À Bordeaux, le centre hospitalier Charles-Perrens inaugure un Jardin des égards destiné aux victimes de violences. Un espace thérapeutique qui mêle horticulture et accompagnement psychologique pour favoriser la guérison des patients.
Derrière les murs du centre hospitalier Charles-Perrens, un projet inédit prend racine. Le Jardin des égards n’est pas un simple potager de détente: c’est un dispositif de soin pensé pour accueillir les victimes de violences en quête de reconstruction. L’établissement bordelais transforme ainsi un espace vert en véritable outil thérapeutique.
Un lieu de soin par le vivant
Le concept repose sur une philosophie simple mais puissante: prendre soin de soi passe par prendre soin du vivant. Dans un cadre hospitalier souvent austère, ce jardin offre aux patients un environnement propice à l’apaisement. Les victimes de violences, souvent marquées par un sentiment de perte de contrôle, retrouvent ici une forme d’agentivité en participant à des activités de jardinage et d’horticulture.
L’approche thérapeutique s’inscrit dans une logique d’horticothérapie, discipline reconnaissant les bénéfices psychologiques et physiques du contact avec la nature. Pour les patients du Charles-Perrens, cultiver des plantes, observer leur croissance et participer à leur entretien crée un espace de ressourcement loin de l’environnement médical classique.
Répondre aux traumatismes par la nature
Les violences laissent des traces durables. Culpabilité, anxiété, syndrome de stress post-traumatique: les symptômes sont multiples. En proposant un jardin thérapeutique, le centre hospitalier reconnaît que la guérison ne se limite pas aux consultations et aux médicaments. Elle passe aussi par le renouvellement du lien au monde et à l’environnement.
Cet espace s’adresse spécifiquement aux victimes de violences accueillies par l’établissement. Que ces violences soient conjugales, sexuelles ou familiales, l’accompagnement pluridisciplinaire du Charles-Perrens s’enrichit d’une nouvelle dimension: celle du soin par la nature. Concrètement, les patients bénéficient d’un accompagnement durant leurs activités de jardinage, combinant présence soignante et travail de la terre.
Un modèle inspirant pour le secteur hospitalier
L’initiative du centre hospitalier bordelais s’inscrit dans une tendance croissante en France: l’intégration de la nature dans les protocoles de soins. Des jardins thérapeutiques émergent dans d’autres établissements, reconnaissant l’impact du contact avec les plantes sur la santé mentale et physique.

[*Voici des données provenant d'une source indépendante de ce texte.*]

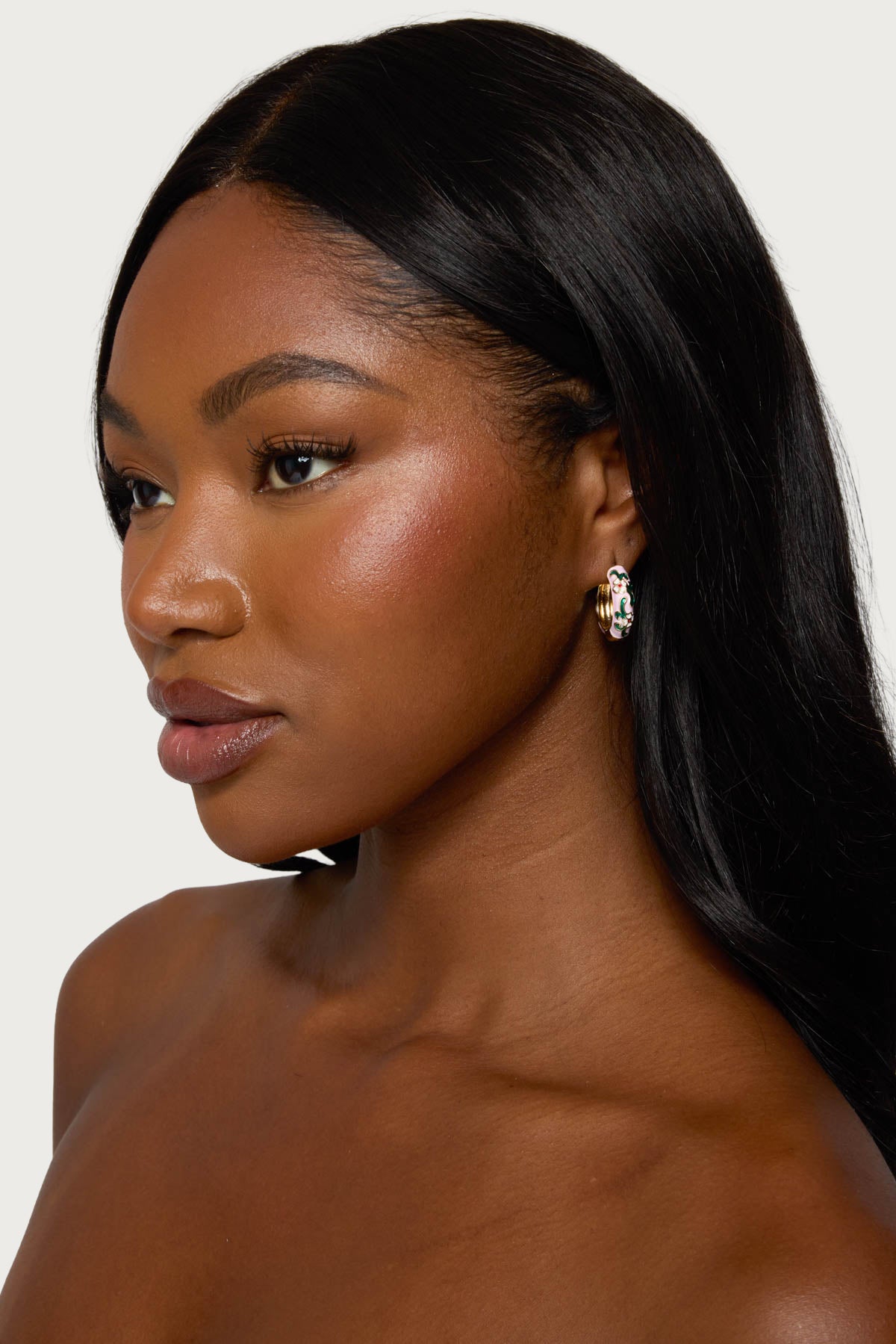 Vintage Floral Hoop Earrings-Milans Time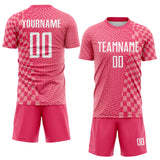 Custom Neon Pink White-Medium Pink Geometric Patchwork Asymmetry Checkered Zigzag Lines Sublimation Soccer Uniform Jersey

Le Jardin des égards du Charles-Perrens démontre qu’un hôpital peut devenir plus qu’un lieu de traitement médical: un espace de reconstruction humaine. Pour les victimes de violences, souvent confrontées à la rupture et à l’isolement, ce jardin représente une promesse: celle de pouvoir à nouveau cultiver, croître et se rétablir.
À retenir
- Le centre hospitalier Charles-Perrens à Bordeaux inaugure le Jardin des égards pour les victimes de violences.
- Ce jardin thérapeutique combine horticulture et accompagnement psychologique pour favoriser la reconstruction des patients.
- L' horticothérapie permet aux victimes de retrouver du contrôle en participant à des activités de jardinage et d' entretien.
- Le contact avec la nature offre des bénéfices psychologiques et physiques reconnus dans ce cadre hospitalier.
Questions fréquentes
- Qu' est-ce que le Jardin des égards au centre hospitalier Charles-Perrens?
- C’est un espace thérapeutique inauguré à Bordeaux destiné aux victimes de violences, qui combine horticulture et accompagnement psychologique pour favoriser leur guérison et reconstruction.
- Comment fonctionne l' horticothérapie proposée dans ce jardin?
- Les patients participent à des activités de jardinage et d’horticulture qui leur permettent de retrouver un sentiment de contrôle et d’agentivité en observant la croissance des plantes et en les entretenant.
- Combien de victimes ont déjà été accueillies par ce dispositif?
- Le centre accueille environ 50 victimes de violences dans ses espaces thérapeutiques.
- Pourquoi cette approche par la nature est-elle bénéfique pour les victimes de violences?
- Prendre soin du vivant permet aux patients de se ressourcer dans un environnement apaisant et de retrouver un sentiment d’agentivité souvent perdu à cause du traumatisme.